I have a joinable pthread runner function defined as below:
void *sumOfProducts(void *param)
{
...
pthread_exit(0);
}
This thread is supposed to join the main thread.
Whenever I ran my program through Valgrind I would get the following leaks:
LEAK SUMMARY:
definitely lost: 0 bytes in 0 blocks
indirectly lost: 0 bytes in 0 blocks
possibly lost: 0 bytes in 0 blocks
still reachable: 968 bytes in 5 blocks
suppressed: 0 bytes in 0 blocks
ERROR SUMMARY: 0 errors from 0 contexts (suppressed: 15 from 10)

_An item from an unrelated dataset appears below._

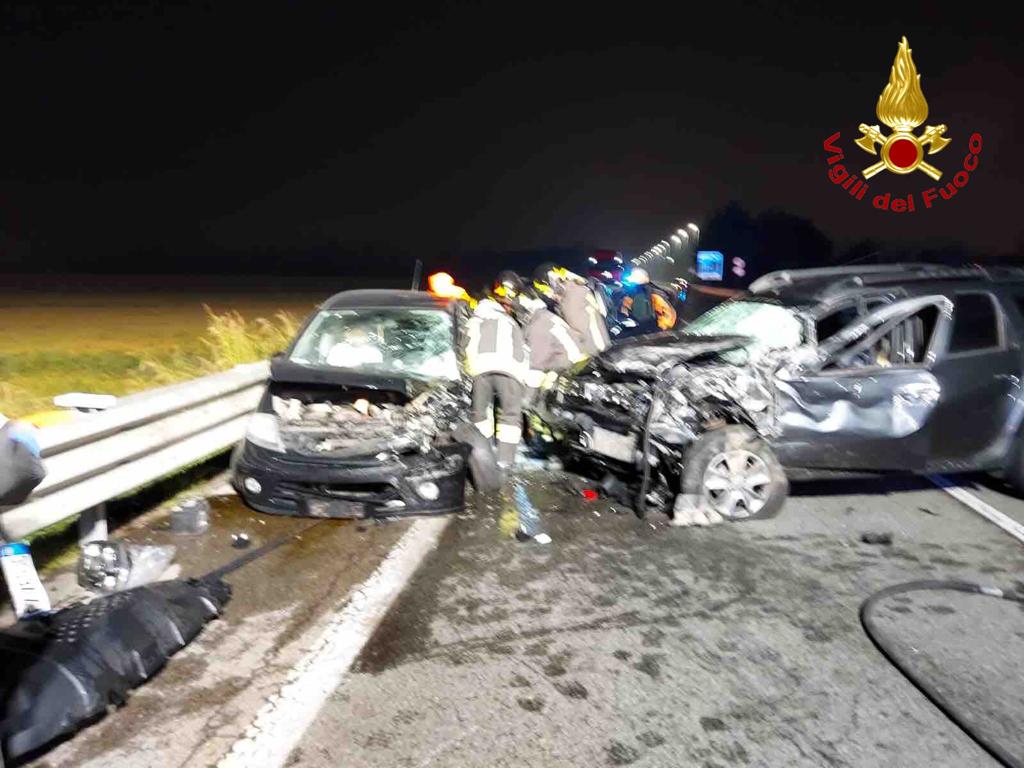 A Trecate incidente con sette auto coinvolte: otto feriti, strada bloccata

I checked the man page for pthreads which said:
The new thread terminates in one of the following ways:
* It calls pthread_exit(3), specifying an exit status value that is
available to another thread in the same process that calls
pthread_join(3).
* It returns from start_routine(). This is equivalent to calling
pthread_exit(3) with the value supplied in the return statement.
* It is canceled (see pthread_cancel(3)).
* Any of the threads in the process calls exit(3), or the main thread
performs a return from main(). This causes the termination of all
threads in the process.
Miraculously, when I replaced the pthread_exit() with a return statement, the leaks disappeared.
return(NULL);
My actual question is three-pronged:
The following minimal test case exhibits the behaviour you describe:
#include <pthread.h>
#include <unistd.h>
void *app1(void *x)
{
sleep(1);
pthread_exit(0);
}
int main()
{
pthread_t t1;
pthread_create(&t1, NULL, app1, NULL);
pthread_join(t1, NULL);
return 0;
}
valgrind --leak-check=full --show-reachable=yes
shows 5 blocks allocated from functions called by pthread_exit()
that is unfreed but still reachable at process exit. If the pthread_exit(0);
is replaced by return 0;
, the 5 blocks are not allocated.
However, if you test creating and joining large numbers of threads, you will find that the amount of unfreed memory in use at exit does not increase. This, and the fact that it is still reachable, indicates that you're just seeing an oddity of the glibc implementation. Several glibc functions allocate memory with malloc()
the first time they're called, which they keep allocated for the remainder of the process lifetime. glibc doesn't bother to free this memory at process exit, since it knows that the process is being torn down anyway - it'd just be a waste of CPU cycles.